Basic Train test split to prepare for Modelling.

In [8]:
# Test/Train splitting
from sklearn.metrics import r2_score

spread = spread.astype(int)
y = spread
x = games.values
print(x.shape)
print(y.shape)

xtrain, xtest, ytrain, ytest =  train_test_split(x,y, test_size = 0.2, random_state=1234)

(17828, 65)
(17828,)


Ridge Model
Ridge Regression is a method for estimating coefficients in scenarios where independent variables are highly correlated.
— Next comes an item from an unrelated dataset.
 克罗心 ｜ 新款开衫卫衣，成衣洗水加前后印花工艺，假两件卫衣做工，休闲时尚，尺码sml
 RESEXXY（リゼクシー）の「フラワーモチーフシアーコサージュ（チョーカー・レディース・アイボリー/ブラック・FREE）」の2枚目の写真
For this model, the parameter alpha takes in the following values: 0.001, 0.01, 0.1, and 1.

In [9]:
# Ridge Model
ridge = RidgeCV(alphas=[1e-3, 1e-2, 1e-1, 1])
ridge.fit(xtrain, ytrain)

predict = ridge.predict(xtest)

#stats for the model
pd.set_option('display.max_rows', None)
#print(pd.Series(ridge.coef_, index = games.columns[0:66])) 
print(predict)
print(ytest)
mse = mean_squared_error(ytest, predict) 
print("Test mean squared error (MSE): {:.2f}".format(mse))
print("Score:", ridge.score(xtest,ytest))

[-3.06661976 -5.66207813 -2.60020579 ...  2.04388607  4.0358702
 -3.24511857]
[-10  -5   5 ...  20   1  16]
Test mean squared error (MSE): 152.79
Score: 0.20756056860415362


In [10]:
# Getting rid of the sklearn convergence warnings.
def warn(*args, **kwargs):
    pass
import warnings
warnings.warn = warn

Lasso Regression
Lasso Regression is a type of linear regression that utilizes shrinkage. Shrinkage is where the data points are shrunk towards a central point such as a mean. Lasso Regression is well-suited for models showing multicollinearity. For this model, the parameter cv (cross validation) is set to 5 which means it is a 5-fold cross validation.


In [11]:
# LASSO
lasso = LassoCV(cv=5, random_state=0)
lasso.fit(xtrain, ytrain)

predict3 = lasso.predict(xtest)

#stats for the model
pd.set_option('display.max_rows', None)
#print(pd.Series(lasso.coef_, index = games.columns[0:66])) 
mse = mean_squared_error(ytest, predict3) 
print("Test mean squared error (MSE): {:.2f}".format(mse))
print("Score:", lasso.score(xtest,ytest))

Test mean squared error (MSE): 152.15
Score: 0.21086422287096718


Elastic Net Regularization
Elastic Net Regularization is a method that linearly combines penalties of the Lasso and Ridge methods.

In [12]:
# ELASTIC
from sklearn.linear_model import ElasticNet
elastic = ElasticNet(0.001)
elastic.fit(xtrain, ytrain)

y_pred_elastic = elastic.predict(xtest)
mse = mean_squared_error(ytest, y_pred_elastic) 
print("Test mean squared error (MSE): {:.2f}".format(mse))
print("Score:", elastic.score(xtest,ytest))

Test mean squared error (MSE): 152.42
Score: 0.20945288612312063


#SVM
Support Vector Machines are supervised learning models that analyze data for classification and regression analysis. In this project, we have used for regression analysis. For this model, we used a Support Vector Regression with no parameters included. 

In [16]:
# Support Vector Machine
from sklearn.svm import SVR
from sklearn.svm import LinearSVC
from sklearn.metrics import accuracy_score

svr = SVR()

# fit classifier to training set
svr.fit(xtrain, ytrain)

# make predictions on test set
y_pred = svr.predict(xtest)

# Calculate MSE
print('Model MSE: {0:0.4f}'.format(mean_squared_error(ytest, y_pred)))

# compute and print accuracy score
print('Model accuracy score with default hyperparameters: {0:0.4f}'.format(svr.score(xtest, ytest)))

Model MSE: 157.1923
Model accuracy score with default hyperparameters: 0.1847
runtime: 25.06702160835266